▸ **BRIEF**
Examine the entries below, count the lines holding the string "Back", and respond with the number only.

▸ **DATA TO PROCESS**
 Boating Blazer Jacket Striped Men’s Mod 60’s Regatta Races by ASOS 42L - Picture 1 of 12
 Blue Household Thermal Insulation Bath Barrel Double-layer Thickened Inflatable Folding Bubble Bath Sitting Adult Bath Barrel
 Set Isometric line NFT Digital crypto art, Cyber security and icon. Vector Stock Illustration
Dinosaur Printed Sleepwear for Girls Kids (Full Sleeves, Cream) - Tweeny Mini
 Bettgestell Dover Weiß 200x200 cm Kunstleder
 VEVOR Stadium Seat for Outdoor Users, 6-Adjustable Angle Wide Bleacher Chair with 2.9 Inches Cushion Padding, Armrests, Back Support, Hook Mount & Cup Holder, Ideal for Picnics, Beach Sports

==

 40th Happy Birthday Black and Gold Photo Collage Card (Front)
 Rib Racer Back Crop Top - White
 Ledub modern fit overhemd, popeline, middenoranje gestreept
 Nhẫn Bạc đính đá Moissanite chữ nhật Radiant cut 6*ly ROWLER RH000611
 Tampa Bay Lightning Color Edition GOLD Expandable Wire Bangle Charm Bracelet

▸ **ANSWER TO THE PROBLEM**
2